Seibutsu Butsuri Volume 40, Issue 1

X-ray Crystal Structure of Bovine Heart Cytochrome c Oxidase

Bovine heart cytochrome c oxidase is an integral protein incorporated in the mitochondrial inner membrane, which reduces molecular oxygen to water, coupled with pumping protons from matrix side to entermembrane space. The crystal structures in fully oxidized and fully reduced states were determined at 2.30 and 2.35 Å resolutions, respectively. A tyrosine residue has a covalent bond with a histidine residue, a ligand of Cu_B. An aspartate residue apart from the O₂ reduction site exchanges ets effective accessibility to the matrix aqueous phase for one to intermembrane space by a change of oxidation state. The movement indicates that the aspartate serves as a proton pumpong site.

Excitation-Contraction Coupling in Caenorhabditis elegans

Genes participating in excitation-contraction coupling in Caenorhabditis elegans are cloned and these mutant phenotypes are characterized. These are the ryanodime receptor gene unc-68, troponin C gene pat-10 and tropomyosin gene lev-11. Unc-68 mutant animal is viable and has weak phenotype even in the null mutation. Contrary to our expectation, mutant analysis on pat-10 and lev-11 suggests that functional defects of the proteins affect not only function of muscle contraction but also muscle development of the animal. Experimental strategy and procedures are also useful for those who have interest in handling the model animal.

Physical Chemistry of Protein Folding

Study of fast-folding small proteins has recently been making great peogress. Experimentally, the folding transition state has been characterized by using protein engineering approach. From the theoretical side, folding pathway can be successfully described by recently developed approaches of computer simulations and statistical mechanics. Combination of theoretical studies with experiments will lead us complete understanding of protein folding in near future.

Hidden Markov Model Reveals Biological Sequence Information

Biological sequence analysis based on hidden Markov models (HMMs) is no doubt one of the most successful endeavors in the field of bioninformatics. HMMs are widely used not only for motif search but also for gene finding and protein fold recognition nowadays. Compared with existing models, HMMs possess flexibility to describe complex structures of sequence information. Moreover, various kinds of computer algorithms based on HMMs which enable us to model and interpret biological sequence data have been developed. In this paper, we introduce recent research topics of biological sequence analysis using HMMs and discuss a future perspective of the research.

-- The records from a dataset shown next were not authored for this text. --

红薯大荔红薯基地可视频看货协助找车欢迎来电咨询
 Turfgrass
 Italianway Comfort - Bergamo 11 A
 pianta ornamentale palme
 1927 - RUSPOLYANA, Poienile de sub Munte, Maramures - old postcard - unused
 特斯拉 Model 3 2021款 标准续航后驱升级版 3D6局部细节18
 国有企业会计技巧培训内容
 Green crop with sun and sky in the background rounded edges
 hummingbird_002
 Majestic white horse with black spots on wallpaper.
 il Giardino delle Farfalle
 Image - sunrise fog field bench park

Cell Remodelling by Mechanical Stress

Cells show a variety of responses to mechanical stimuli which deform the cell membrane. In other word, cells can sense their shape change. However, the molecular mechanism of mechanosensation of the cell had remained unknown for a long time. This situation has been changed since the discovery of a mechanosensitive ion channel called stretch activated (SA) channel. The most popular type of SA channels is a Ca²⁺ -permeable type with a single channel conductance of ca. 40pS. Though we know little about their physiological functions in nonsensory cells, activation of SA channels may increase intracellular Ca²⁺ concentration, thereby elicits proper cell responses. This short article focuses on the recent progress in the SA channel-mediated signaling mechanism in the stretch-induced cell remodelling, where spatiotemporal structures of mechanical stresses are converted into the structure of cell.

Olfactory Signal Transduction: Main Stream and Modulation

Olfactory signal transduction starts at the ciliary membrane of the receptor cells located in the olfactory epithelium. This transduction is triggerd by the G-protein-coupled seven transmembrane receptor, which in turn activates adenylyl cyclase-cAMP second messenger system. These chemical reactions finally lead to a sequential opening of cAMP-gated channel and Ca-activated Cl channel. Olfactory sensation is known to exhibit strong adaptation to the applied smell environment. This adaptation is regulate by a Ca-feedback to the cAMP-gated channel.